The story of Hosea and Gomer was a parallel to the story of God and the nation of Israel. Although the Israelites had entered into a covenant with God, they were not faithful. When the Israelites had first stepped into the Promised Land, they were not able to defeat all of the nations and made them woodcutters and water carriers. God had warned them that these people would be a snare and lure them away from true worship. I am sure that there are some things God says that He would rather not have happen.
What remained of the practice of their faith was performing the rituals at the right time, and assuming that as long as they were in place, God would be satisfied. It didn’t matter that their hearts were not in it, and they were looking elsewhere for satisfaction.
“When they come with their flocks and herds to offer sacrifices to the Lord, they will not find Him, because He has withdrawn from them.” Hosea 5:6
My Bible study notes at this point turned the finger to ask questions about church involvement. Was I turning up at the right time, singing the hymns, saying “Amen” in the right places and putting money into the offering tray and assuming God was satisfied? Was I satisfied in God or looking elsewhere?
Hosea made it clear that the priests were responsible for the downward slide of the nation. Through their off-hand and casual attitude towards God, they had spread an unspoken but powerful message to rest of the nation that it really didn’t matter how you treated God. God would always be there to step in and rescue you in the end. The message of holiness was ignored. The nation was limping from famine to drought and never considered that God had any part of it.

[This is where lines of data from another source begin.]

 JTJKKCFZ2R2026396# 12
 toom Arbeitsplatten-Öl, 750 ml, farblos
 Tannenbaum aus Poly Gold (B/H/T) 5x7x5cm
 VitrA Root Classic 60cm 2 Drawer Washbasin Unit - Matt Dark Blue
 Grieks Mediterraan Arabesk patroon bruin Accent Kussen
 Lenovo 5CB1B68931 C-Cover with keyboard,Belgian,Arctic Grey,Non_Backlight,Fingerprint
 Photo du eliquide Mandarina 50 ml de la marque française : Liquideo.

The behaviour of the priests didn’t just speak to the nation of Israel, but to the surrounding nations. Way back when they walked around Jericho and witnessed the walls tumbling, the message then was that God was someone to be reckoned with, someone to fear. The tribes of Canaan knew they didn’t stand a chance and one of them, the Gibeonites, went so far as to concoct an elaborate scheme to make sure they were not annihilated.

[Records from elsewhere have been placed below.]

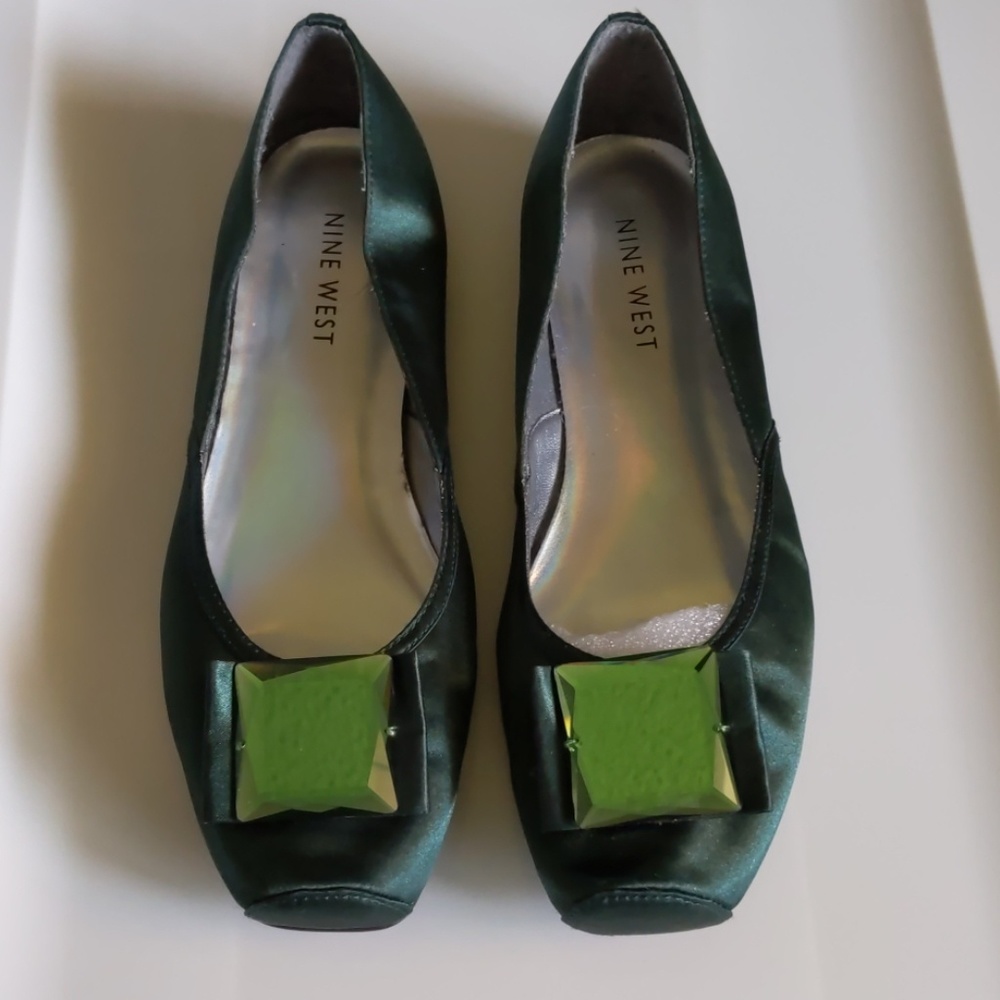 Nine West Satin Ballerina-toe  with Bow/Crystal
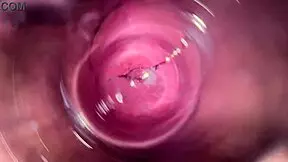 Feel the camera deep inside Mia's wet pussy during her massage?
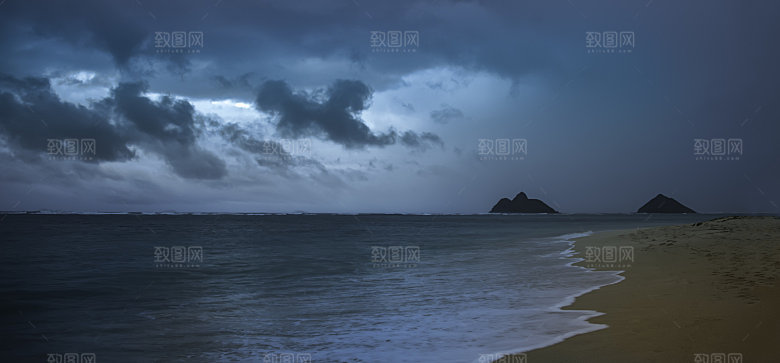 高清海景海滩沙滩海边大海蓝色海洋壁纸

During Hosea’s time the surrounding nations did not see God in the same way. Israel was not any different from any other nation, and their “god” was not any different from a hundred other “gods” either.
The story that we tell through the words we speak and the lives we live matters. It is little wonder that the secular world sees nothing that demands respect in many Christian churches, or in the lives of people who claim to be Christians. We have settled for something less than holiness and surrendered that which draws people through us to God.
Tonight I am going to a poetry club held at the Sunset Café in Inverness. I went to observe rather than participate. This time I am diving in. I worked out a way to download a number of poems onto my Kindle. I thought about the nature of the group, the kind of poems they shared that evening and trawled through my poems to select the secular ones. They were not there, I reasoned, to be preached at, but to enjoy good poetry.
I thought about my selection this morning as I was sitting with God. I thought of the priests telling the less-than-truthful story to the nation. I don’t really write poems that preach at people. How could I communicate to them the joy that God inspires in me if I avoid those poems that express that joy? If I just stick to my secular poems, which are not inoffensive by any means, where does it say that God has any place at all in my life?
So I am re-thinking the story that I want to share through my poems tonight.
Moreover, I am rethinking the whole message my life speaks and what is says about God.